_Action item:_ Leaving out any pictures, print the entries that follow exactly as they stand.

_Data to process:_
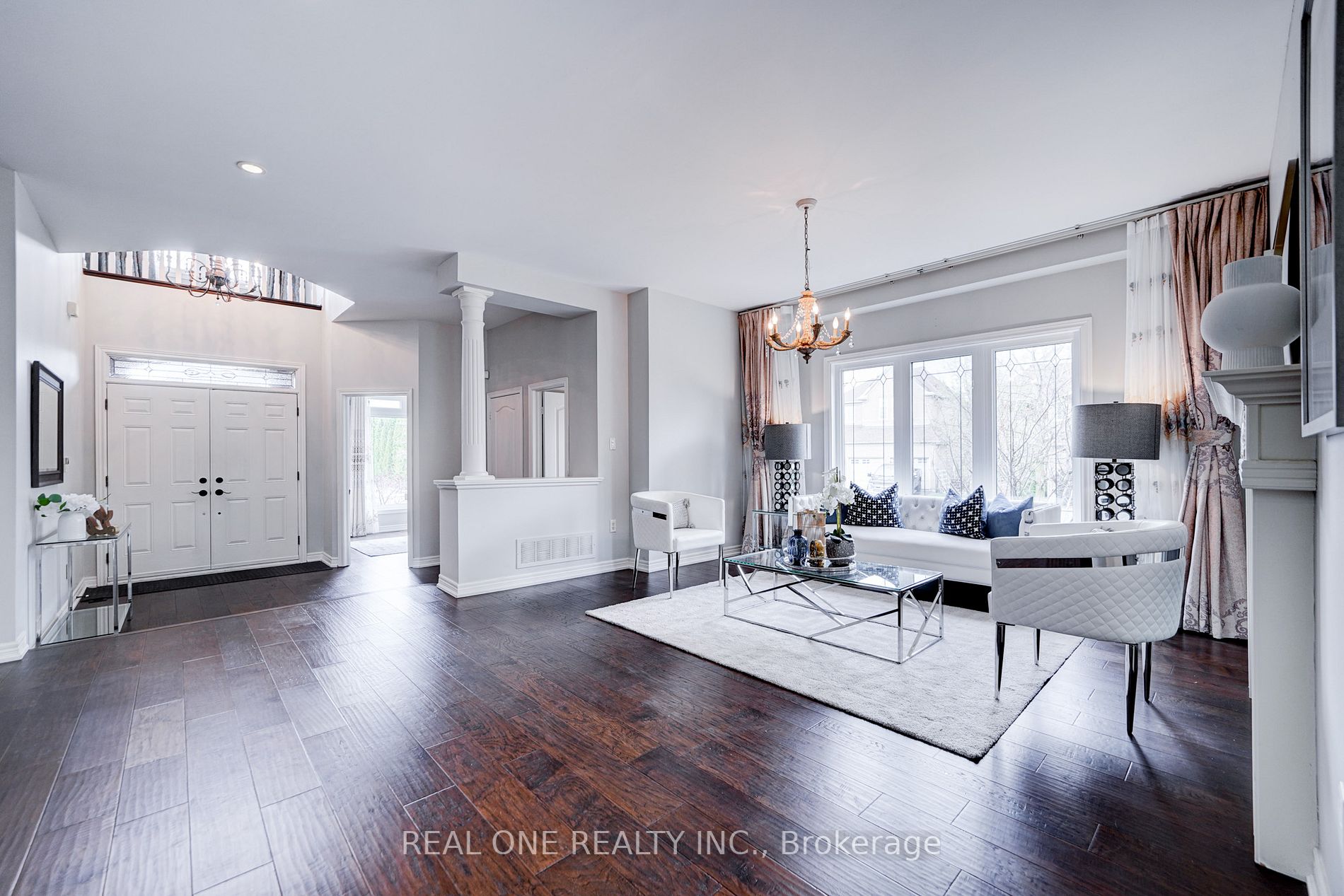 45 Kaitlin Dr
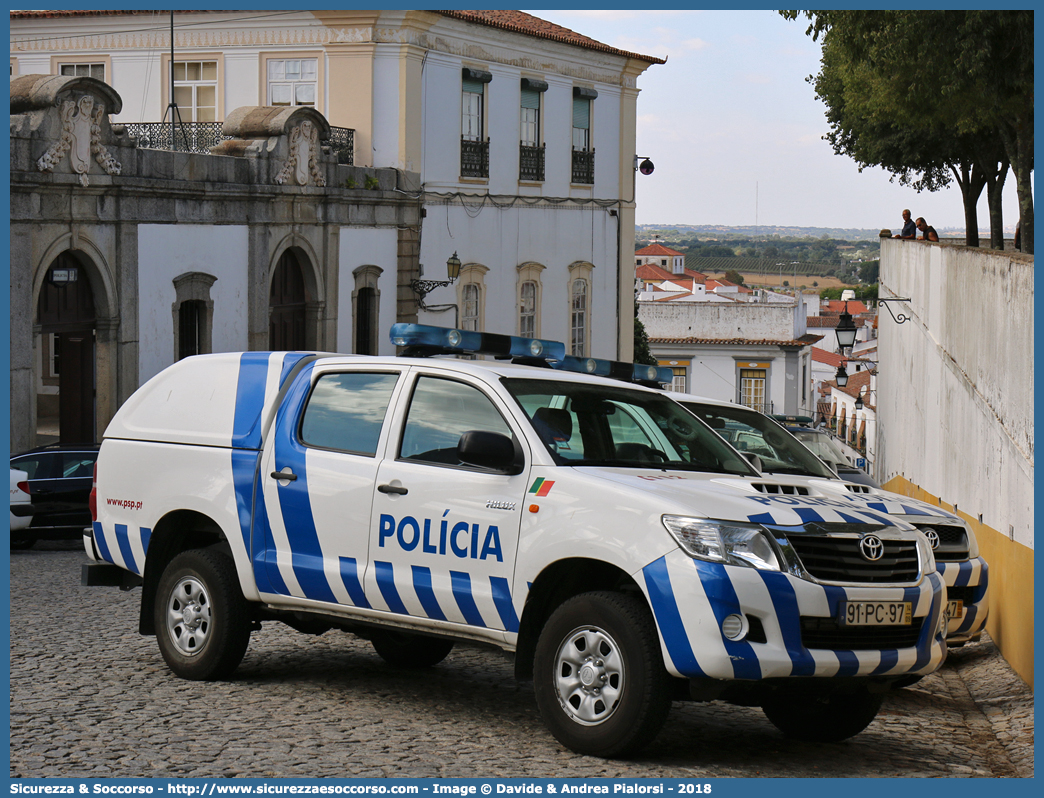 -
República Portuguesa
Polícia de Segurança Pública
Toyota Hilux VII generation restyling
Parole chiave: Repubblica;Portoghese;República;Portuguesa;Polícia;Segurança;Pública;Toyota;Hilux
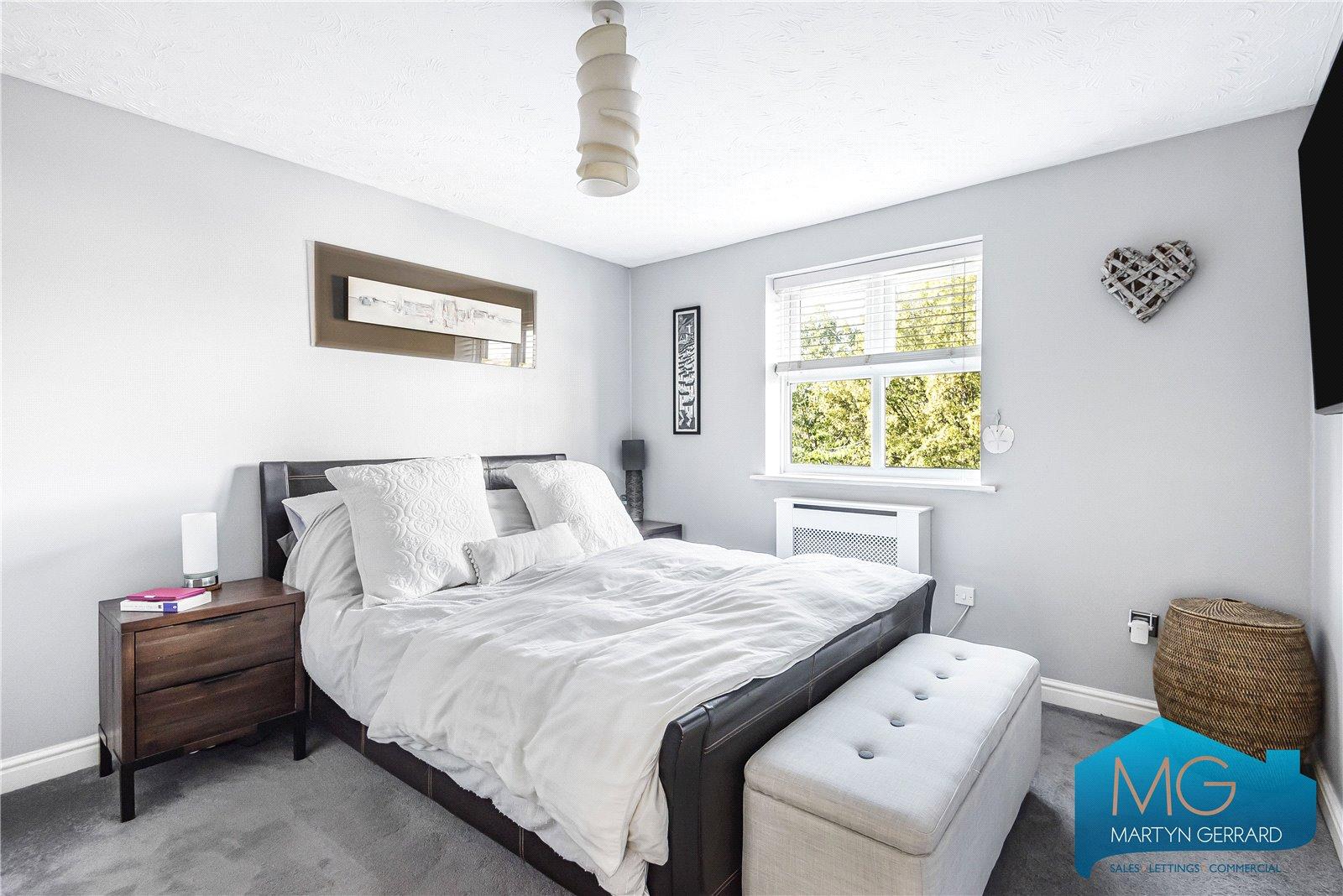 2 bedroom Apartment for sale - Martyn Gerrard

_Response to this exercise:_
 45 Kaitlin Dr
 -
República Portuguesa
Polícia de Segurança Pública
Toyota Hilux VII generation restyling
Parole chiave: Repubblica;Portoghese;República;Portuguesa;Polícia;Segurança;Pública;Toyota;Hilux
 2 bedroom Apartment for sale - Martyn Gerrard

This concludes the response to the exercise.